Confidentiality is second nature to the legal profession. DPOs must have experience acting in an independent manner, indicating a need for a mature professional with client relationship and audit experience to handle the delicate task of discovering gaps, encouraging gap mitigation, and ensuring compliance without taking an adversarial position.


Cultural/global: DPOs will likely be dealing with controllers and processors from different countries and therefore business cultures. DPOs must have experience in dealing with different ways of thinking and doing business and have the flexibility to marshal these differences into a successful result. Think of the simplified example of an organisation with a retail presence in Europe, contract manufacturers in China, IT outsourcers in India, and headquarters in the U.S.  DPOs should be based in the EU but globally focused.


Leadership/broad exposure: Article 38.2 requires, “The controller and processor shall support the DPO … by providing resources necessary to carry out those tasks and access to personal data and processing operations, and to maintain his or her expert knowledge.” DPOs will need to have leadership and project management experience, to be able to request, marshal and lead the resources need to carry out their roles. They also must be able to critically assess themselves for knowledge gaps and request training in those areas.

DPOs should have broad business experience to know the industries of the data controller and processor well enough to understand how privacy should be implemented to integrate smoothly with the way each company designs and markets its products and services and earns its revenues.

DPOs must be able to speak in the language of the average citizen, not in technical or legal jargon, to handle requests and complaints from data subjects.
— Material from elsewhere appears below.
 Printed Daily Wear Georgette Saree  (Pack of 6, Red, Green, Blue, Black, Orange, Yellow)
A common touch is helpful to DPOs in their role to protect data subjects’ rights.


Self-starter/board-level: Article 38.3 requires, “The controller and processor shall ensure that the DPO does not receive any instructions regarding the exercise of those tasks …  The DPO shall directly report to the highest management level of the controller or the processor.” DPOs have to be self-starters, with the competence and skills to carry out the role without guidance and to know where to find necessary information. DPOs must also have board-level presence and be able to deal with experienced business people who will not know the intricacies of DPO functions. Licensed external auditors such as CPAs/CAs, who audit compliance with laws, standards, and practices, are independent of the auditee, and report to the board, would have this type of experience.  
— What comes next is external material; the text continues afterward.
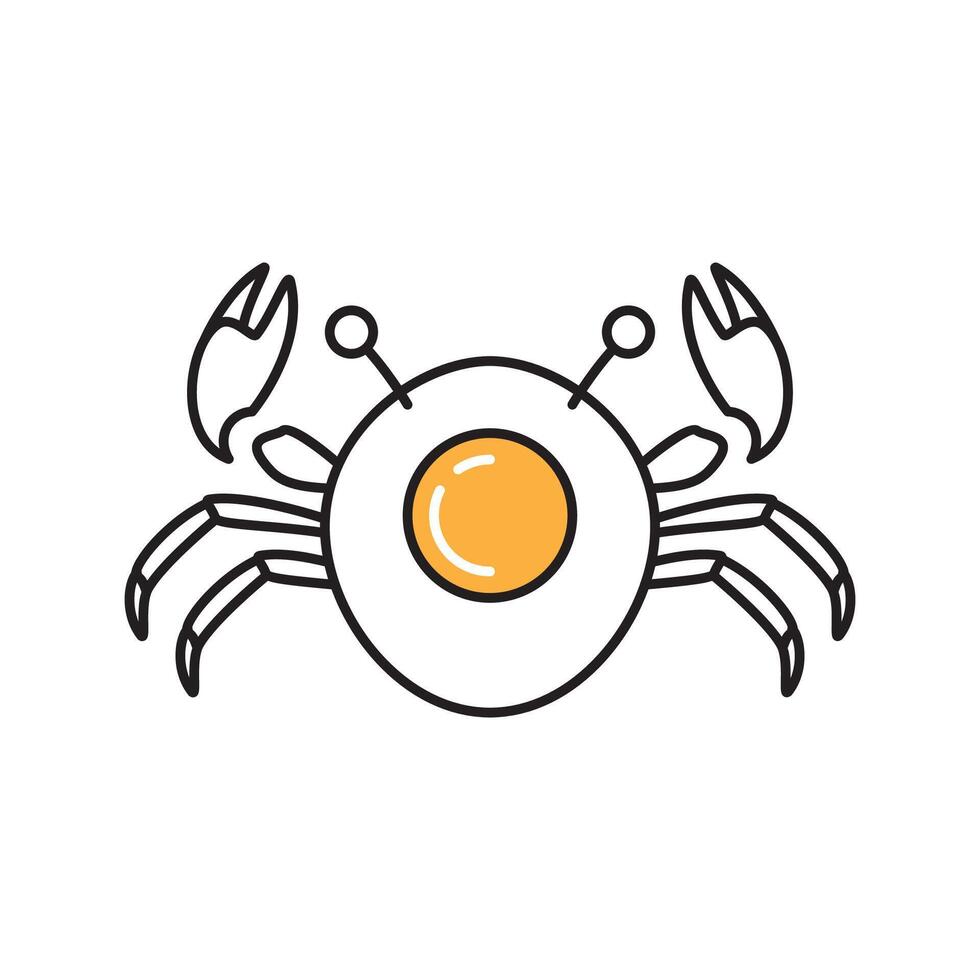 egg crabs line simple minimal logo design vector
Common touch/teaching: Article 38.4 allows data subjects to contact the DPO “with regard to all issues related to the processing of their personal data and to the exercise of their rights.” DPOs must be able to speak in the language of the average citizen, not in technical or legal jargon, to handle requests and complaints from data subjects. A common touch is helpful to DPOs in their role to protect data subjects’ rights. DPOs must also have skills in both legal training and awareness raising, to ensure all data subjects are aware of their rights and responsibilities and to help train others to assist data subjects on specific requests.   
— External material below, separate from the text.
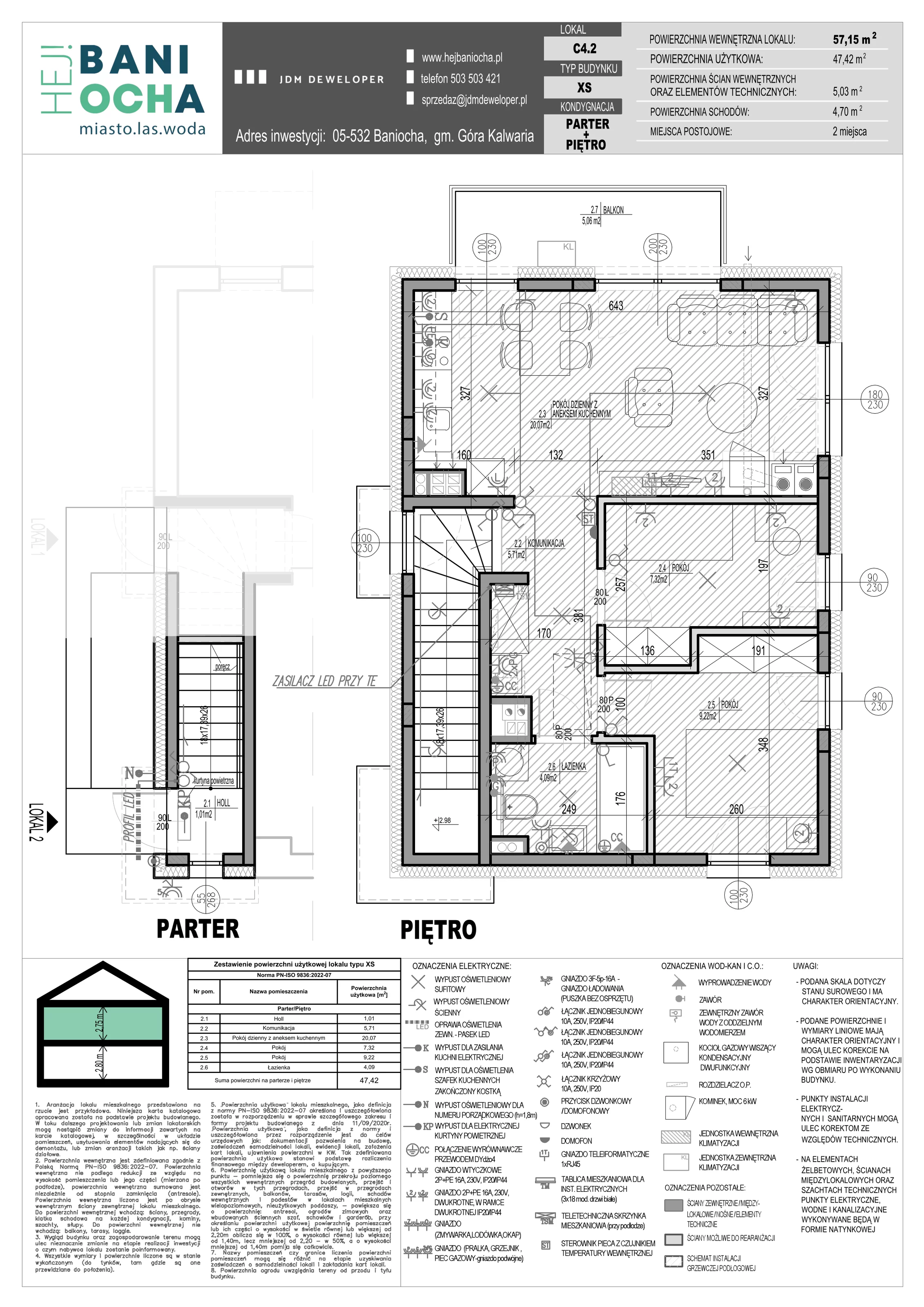 3 pokoje, mieszkanie 57,15 m², piętro 1, oferta nr C4.2, Hej! Baniocha Zadanie C, Baniocha, wjazd od ul. Spokojnej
No-conflicts/credibility: Article 38.6 allows DPOs to fulfil other tasks as long as “any such tasks and duties do not result in a conflict of interests.” DPOs who are members of the data controller’s organisation may not perform roles that conflict with their DPO role. For example, a DPO also overseeing information security has a conflict when their security risk assessments and treatments are evaluated under their DPO role. DPOs should be dedicated or the role outsourced to an independent external DPO. 

Article 39.1 states that DPOs are required “to cooperate with the supervisory authority … [and] act as the contact point for the supervisory authority on issues relating to processing.” A prior relationship with the data protection authority is helpful, or DPOs must be able to establish instant credibility based on their wide experience, knowledge, credentials and relationship skills.